Esto se debe justamente a nuestra forma de consumo, la gran mayoría de los servicios y productos generados por el trabajo de las personas deben ser comercializados de una u otra manera.

Todo esto lleva a que la producción del sector de manufactura se dirija hacia ciertos productos que ofrecen las mejores ganancias, después de todo las compañías necesitan generar utilidades para mantenerse a flote.

El resultado es que el mercado se sature con ciertos tipos de productos generados por una producción desigual que no cumple con las necesidades de la población humana, y da pie a un volumen alarmante de producción excedente, es decir, productos o servicios que no son consumidos y terminan desperdiciando.

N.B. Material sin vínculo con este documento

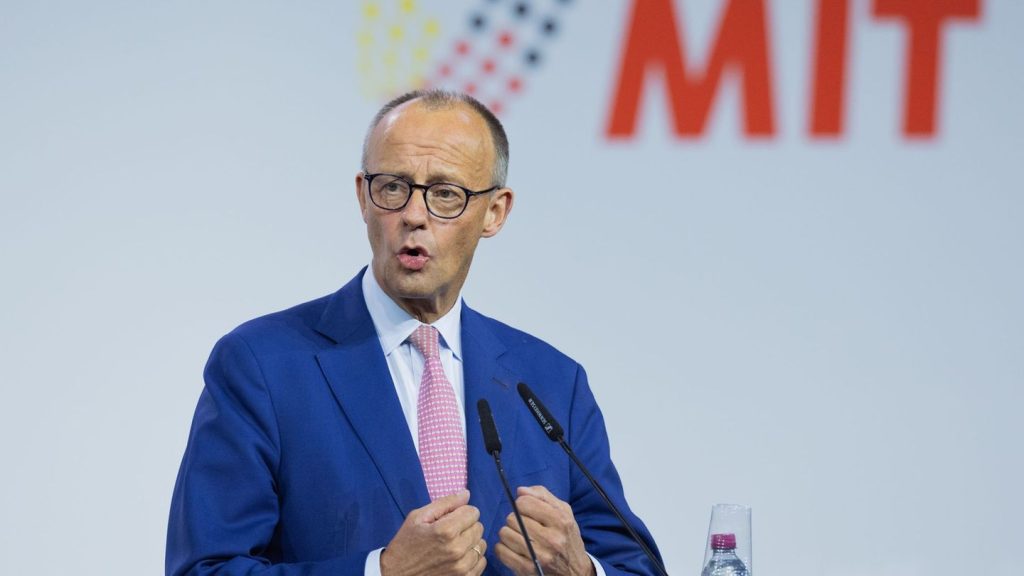 Europa-Politik: Merz will Brüssel "das Stöckchen in die Räder halten"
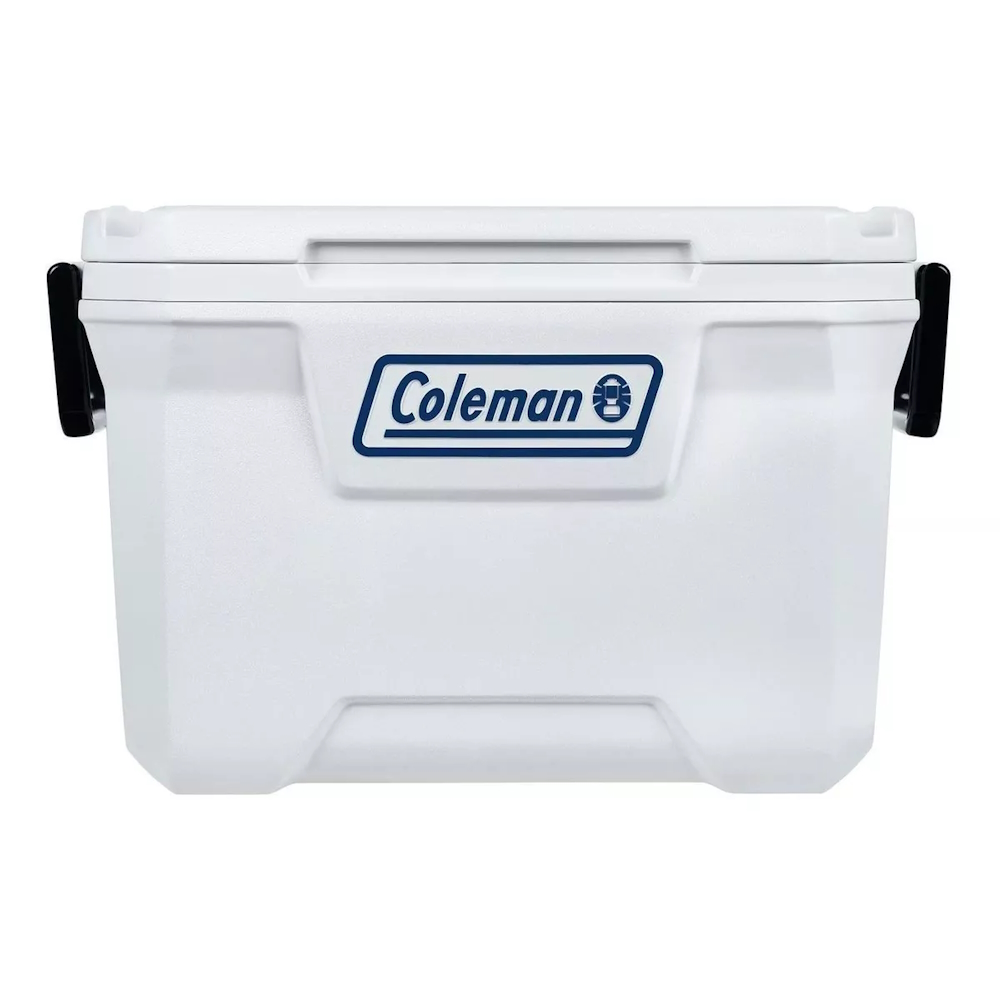 Hielera Coleman Cooler Chest 316 52qt Playa Camping Blanco.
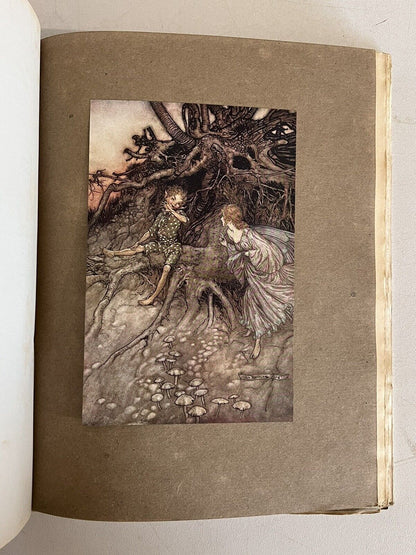 A Midsummer Night's Dream by William Shakespeare 1908 Arthur Rackham Signed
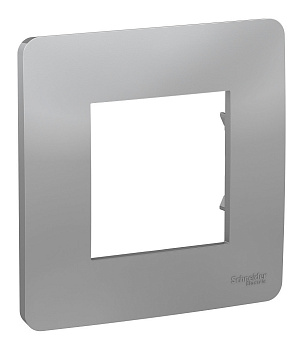 Unica NEW Рамка универсальная 1 пост . серый IP21 Schneider Electric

De esta manera las empresas que se desempeñan mejor en el mercado aumentan su producción año tras año, mientras que aquellas que se quedan atrás suelen tener que reorientarse hacia otros tipos de productos.

Lo que esto significa a nivel de trabajo es que cada año aumenta la carga laboral sobre los empleados y que su trabajo realmente no sé correlaciona con las necesidades sostenibles de la humanidad.

Alimentando a la máquina

Sin embargo, existe otro problema aún más serio con nuestro modelo de producción y consumo que solo se hace aparente cuando observamos el panorama completo.

Resulta evidente que cada uno de estos productos necesita de una materia prima para ser elaborados, igualmente su proceso de refinación y manufactura requiere de otras sustancias, además de energía.

Muchas veces se requiere pensar también en los pormenores de su traslado o la infraestructura que van a requerir. 

Para ir directo al punto, no hay manera de que una producción excedente tan grande de bienes y servicios sea sostenible desde el punto de vista de la ecología.

Ya hemos llegado al momento de la historia en el que se ha hecho evidente que no podemos seguir consumiendo recursos de manera irreflexiva y debemos afrontar el hecho de que nuestro sistema de producción, y la estructura de trabajo que hemos construido a su alrededor no son, y nunca han sido, sostenibles a largo plazo.

Trabajo que suple a la población de formas sostenibles

Por eso es tan importante cambiar la forma en la que enfocamos el trabajo en el sector de producción, pasando de un paradigma en el cual se persigue la productividad bruta a uno nuevo que empleé a la mayor parte de la población y asegure que se produzca lo necesario para cubrir las necesidades de nuestra civilización sin poner en riesgo su supervivencia a largo plazo.

La sostenibilidad nos enseña que no solo debemos trabajar más duro sino que también emplear mejor nuestro trabajo.